En 1975, las Naciones Unidas, establecieron el 8 de marzo como Día Internacional de la Mujer, en conmemoración a un trágico hecho. El 8 de marzo de 1908, en Nueva York, un gran número de mujeres que reclamaban en una fábrica textil ante los abusos patronales y mejores condiciones laborales, fueron despedidas. Ante esto, se encerraron y declararon la huelga. Repentina y extrañamente, se produjo un incendio, muriendo en él 129 obreras.
Desde entonces, mucho se ha hecho, mucho camino recorrió el movimiento de mujeres, con viejas y nuevas luchas, problemas antiguos y nuevos. Cada vez fueron encarados con mayor energía, legitimidad y, por sobre todas las cosas, con mayor convicción. La dirección emprendida fue hacia la búsqueda de una ciudadanía plena y a la participación en igualdad de condiciones en todos los ámbitos.
La realidad ha demostrado que la diversidad, en cualquier sociedad, sólo existe, en la medida que sus individuos las perciban como tal y la desigual posición de las mujeres en la estructura social y política, ponen de manifiesto la existencia de un grupo con sus propias identidades, como signos inequívocos de falta de homogeneidad social.
El multiculturalismo, es un hecho de las todas la sociedades.

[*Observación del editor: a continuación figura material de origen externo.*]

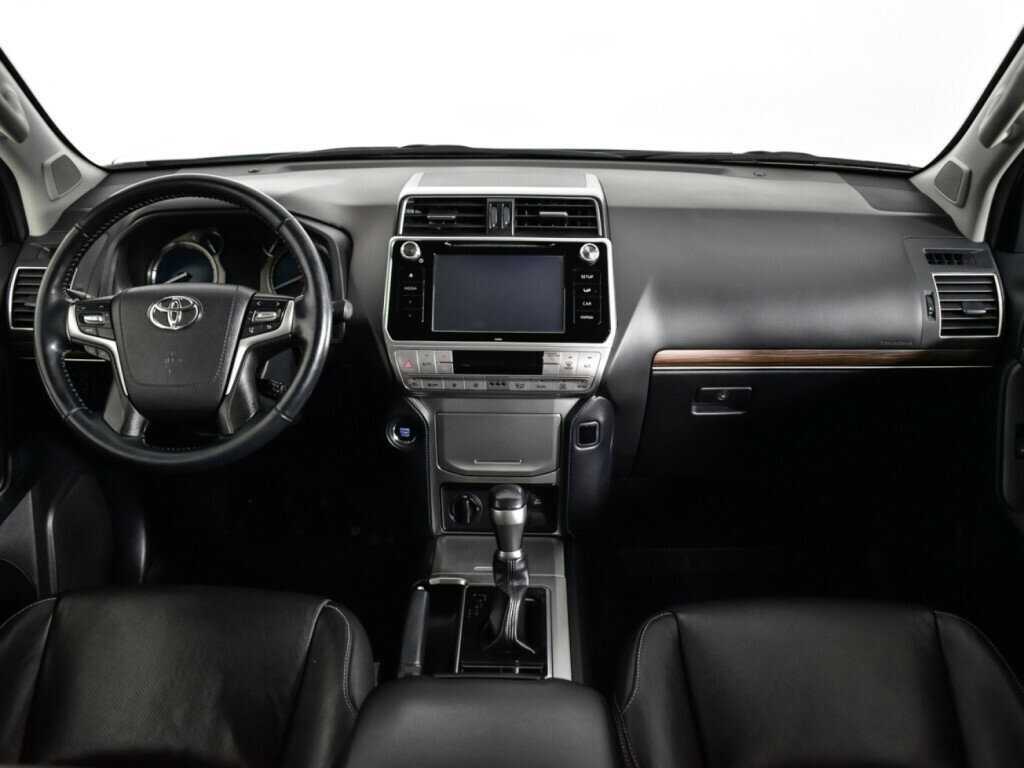 Toyota Land Cruiser Prado с пробегом — 2018 год. Фото: #9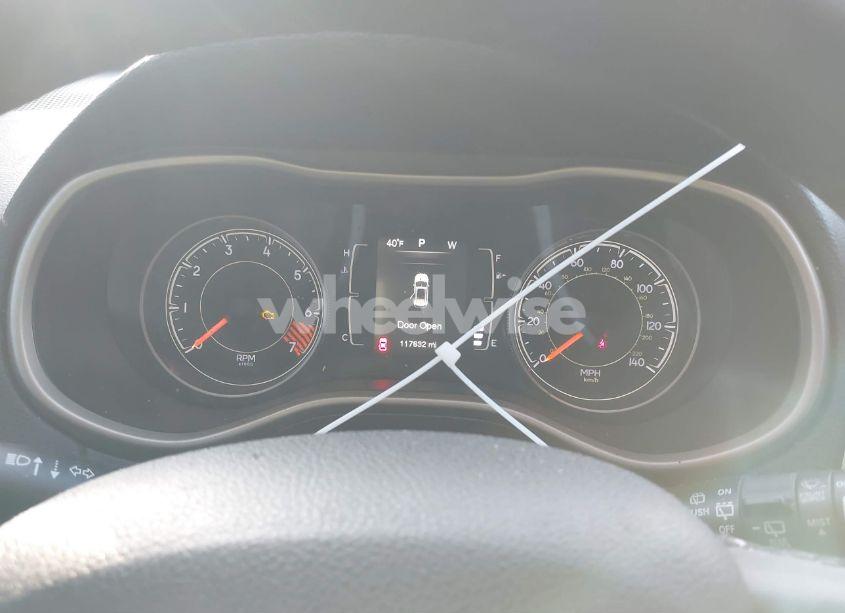 Photo 7 of 2014 Jeep Cherokee SPORT (VIN 1C4PJLAB3EW248826)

La mezcla de grupos distintos entre sí, coexistiendo en un mismo espacio, es un hecho social histórico y recurrente. La manifestación de la diversidad, del pluralismo cultural y la presencia en una misma sociedad de grupos con diferentes códigos culturales, siempre ha existido y es imprescindible que así sea. Pero existe una versión de este multiculturalismo, que lleva invariablemente, no a valorar las diferentes identidades, sino a la fragmentación, discriminación y degradación de algunos grupos y, de todos estos grupos, el de las mujeres es el más antiguo y aquel que ha tenido que combatir más arduamente para mostrar que su opresión no ha sido natural, sino social y política. Y es precisamente, su opresión por género (el hecho de ser mujer), lo que ha constituido el fundamento de su identidad como grupo.
Es un hecho que no admite discusión, la existencia de numerosos espacios, donde la simetría por género, es una quimera. Y la realidad revela con contundencia, que los espacios de exclusión están vinculados al poder, a la autoridad, a la influencia, al dinero, a los recursos y, en general, a la autonomía personal.
De todos modos, es preciso admitir, que la evolución de los derechos de la mujer a través de la historia de la humanidad, muestra un avance innegable en la superación de la discriminación, sobre todo, en lo que va de este siglo y sólo en sociedades desarrolladas. Pero aún perduran en nuestra cultura, la adjudicación de modelos tradicionales que establecen roles fijos y estereotipados de acuerdo a la condición del sexo, con la consecuente jerarquización y desigualdad.
Solamente la aceptación de la diversidad de los individuos hará posible reconocernos como pares, condición indispensable para la participación en igualdad.
Tal reconocimiento no debiera significar, nunca más, la aceptación de jerarquías en las relaciones de mujeres y hombres.